> **Work to complete**: Of the entries below, return only those lines from the line with "1, BESANT CLOSE, SIBSEY, BOSTON, PE22" to the line with "Aerospace 12 00310 g011", exactly, both included.

== Segment start ==

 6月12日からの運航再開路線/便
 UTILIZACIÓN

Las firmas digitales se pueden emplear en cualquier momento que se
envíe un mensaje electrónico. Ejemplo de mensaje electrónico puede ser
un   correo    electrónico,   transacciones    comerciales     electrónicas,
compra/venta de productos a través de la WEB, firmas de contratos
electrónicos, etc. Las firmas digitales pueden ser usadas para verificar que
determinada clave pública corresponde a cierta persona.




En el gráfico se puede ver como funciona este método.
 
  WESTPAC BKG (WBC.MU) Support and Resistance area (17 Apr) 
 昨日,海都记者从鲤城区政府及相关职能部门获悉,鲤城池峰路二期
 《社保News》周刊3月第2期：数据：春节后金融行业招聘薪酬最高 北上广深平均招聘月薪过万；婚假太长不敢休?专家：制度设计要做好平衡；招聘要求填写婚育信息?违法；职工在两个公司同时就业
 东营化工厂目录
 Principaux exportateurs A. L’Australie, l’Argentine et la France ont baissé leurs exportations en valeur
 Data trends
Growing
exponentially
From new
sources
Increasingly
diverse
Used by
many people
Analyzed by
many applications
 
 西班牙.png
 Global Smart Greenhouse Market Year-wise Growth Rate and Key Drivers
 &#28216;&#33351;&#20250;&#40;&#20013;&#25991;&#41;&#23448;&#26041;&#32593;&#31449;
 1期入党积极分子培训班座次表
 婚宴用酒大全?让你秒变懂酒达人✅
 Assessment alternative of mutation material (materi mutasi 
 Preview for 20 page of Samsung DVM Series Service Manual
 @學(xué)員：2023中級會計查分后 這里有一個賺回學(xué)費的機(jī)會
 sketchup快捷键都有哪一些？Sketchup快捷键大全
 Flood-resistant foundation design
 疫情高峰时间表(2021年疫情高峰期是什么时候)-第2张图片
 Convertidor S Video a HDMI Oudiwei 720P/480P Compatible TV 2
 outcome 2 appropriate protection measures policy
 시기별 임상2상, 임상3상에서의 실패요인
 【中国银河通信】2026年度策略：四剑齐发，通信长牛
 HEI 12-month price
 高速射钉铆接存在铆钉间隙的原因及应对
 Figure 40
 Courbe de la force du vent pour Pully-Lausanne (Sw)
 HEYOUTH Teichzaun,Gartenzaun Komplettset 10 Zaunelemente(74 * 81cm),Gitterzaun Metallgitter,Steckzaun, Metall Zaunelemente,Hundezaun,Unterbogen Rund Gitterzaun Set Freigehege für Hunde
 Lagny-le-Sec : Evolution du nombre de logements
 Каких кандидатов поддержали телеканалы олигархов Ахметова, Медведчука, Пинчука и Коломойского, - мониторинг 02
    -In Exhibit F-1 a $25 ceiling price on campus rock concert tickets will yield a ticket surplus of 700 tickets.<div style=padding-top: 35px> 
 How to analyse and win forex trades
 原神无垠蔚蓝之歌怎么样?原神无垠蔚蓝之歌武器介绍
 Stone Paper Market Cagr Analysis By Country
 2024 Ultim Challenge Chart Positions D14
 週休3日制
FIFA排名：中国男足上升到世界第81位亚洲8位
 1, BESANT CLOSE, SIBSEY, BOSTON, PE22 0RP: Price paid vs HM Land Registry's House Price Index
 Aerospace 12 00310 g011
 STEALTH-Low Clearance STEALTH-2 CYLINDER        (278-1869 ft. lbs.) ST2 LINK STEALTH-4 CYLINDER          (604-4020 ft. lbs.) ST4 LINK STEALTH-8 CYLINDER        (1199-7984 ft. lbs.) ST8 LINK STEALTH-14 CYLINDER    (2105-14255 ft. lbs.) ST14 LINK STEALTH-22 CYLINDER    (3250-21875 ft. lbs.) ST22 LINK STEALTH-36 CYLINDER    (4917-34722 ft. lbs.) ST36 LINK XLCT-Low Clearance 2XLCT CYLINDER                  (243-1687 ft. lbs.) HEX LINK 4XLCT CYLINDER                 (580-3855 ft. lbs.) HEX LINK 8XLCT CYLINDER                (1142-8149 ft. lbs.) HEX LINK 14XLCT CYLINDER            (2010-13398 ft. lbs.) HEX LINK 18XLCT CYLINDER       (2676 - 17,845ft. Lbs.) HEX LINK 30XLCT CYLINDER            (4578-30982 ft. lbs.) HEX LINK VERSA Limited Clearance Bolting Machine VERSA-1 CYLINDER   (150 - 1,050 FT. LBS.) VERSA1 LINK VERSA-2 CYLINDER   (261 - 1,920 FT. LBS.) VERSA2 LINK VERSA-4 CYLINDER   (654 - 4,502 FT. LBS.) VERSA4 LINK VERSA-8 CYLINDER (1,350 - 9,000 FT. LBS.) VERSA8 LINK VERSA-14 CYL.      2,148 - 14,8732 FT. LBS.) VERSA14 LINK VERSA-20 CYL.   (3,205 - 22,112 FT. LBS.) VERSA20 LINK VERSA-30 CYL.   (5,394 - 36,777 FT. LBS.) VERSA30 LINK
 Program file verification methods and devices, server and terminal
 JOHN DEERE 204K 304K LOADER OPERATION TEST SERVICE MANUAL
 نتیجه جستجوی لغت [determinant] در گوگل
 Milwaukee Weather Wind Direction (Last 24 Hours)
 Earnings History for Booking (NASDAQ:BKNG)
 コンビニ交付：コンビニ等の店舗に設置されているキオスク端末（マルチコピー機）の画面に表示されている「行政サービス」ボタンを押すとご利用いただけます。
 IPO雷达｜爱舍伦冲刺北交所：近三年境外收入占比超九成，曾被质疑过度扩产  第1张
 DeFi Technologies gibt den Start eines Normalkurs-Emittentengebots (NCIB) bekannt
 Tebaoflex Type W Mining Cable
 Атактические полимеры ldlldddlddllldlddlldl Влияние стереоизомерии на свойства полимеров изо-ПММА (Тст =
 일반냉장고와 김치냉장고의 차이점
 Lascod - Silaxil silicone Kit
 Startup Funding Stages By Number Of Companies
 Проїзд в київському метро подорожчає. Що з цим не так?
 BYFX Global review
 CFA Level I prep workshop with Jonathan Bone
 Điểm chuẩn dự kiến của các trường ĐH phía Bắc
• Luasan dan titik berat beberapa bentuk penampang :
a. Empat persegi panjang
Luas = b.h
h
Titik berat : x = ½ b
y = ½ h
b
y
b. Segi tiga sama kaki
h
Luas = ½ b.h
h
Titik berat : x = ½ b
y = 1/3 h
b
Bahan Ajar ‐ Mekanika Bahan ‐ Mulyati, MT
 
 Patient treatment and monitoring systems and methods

== Segment end ==

> **Answer box**:
 1, BESANT CLOSE, SIBSEY, BOSTON, PE22 0RP: Price paid vs HM Land Registry's House Price Index
 Aerospace 12 00310 g011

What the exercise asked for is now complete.